------ Dataset extract ------

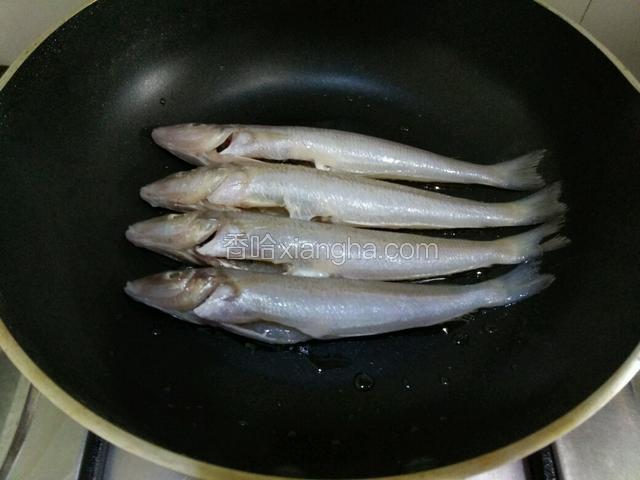 热油锅放沙丁鱼入锅煎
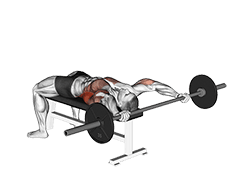Barbell Wide Pullover exercise demonstration for Back, Barbell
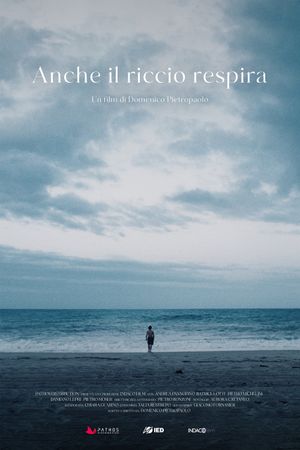 Anche il riccio respira's poster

------

Brief:
Repeat the material above word for word but skip the images.

Written reply:
 热油锅放沙丁鱼入锅煎
Barbell Wide Pullover exercise demonstration for Back, Barbell
 Anche il riccio respira's poster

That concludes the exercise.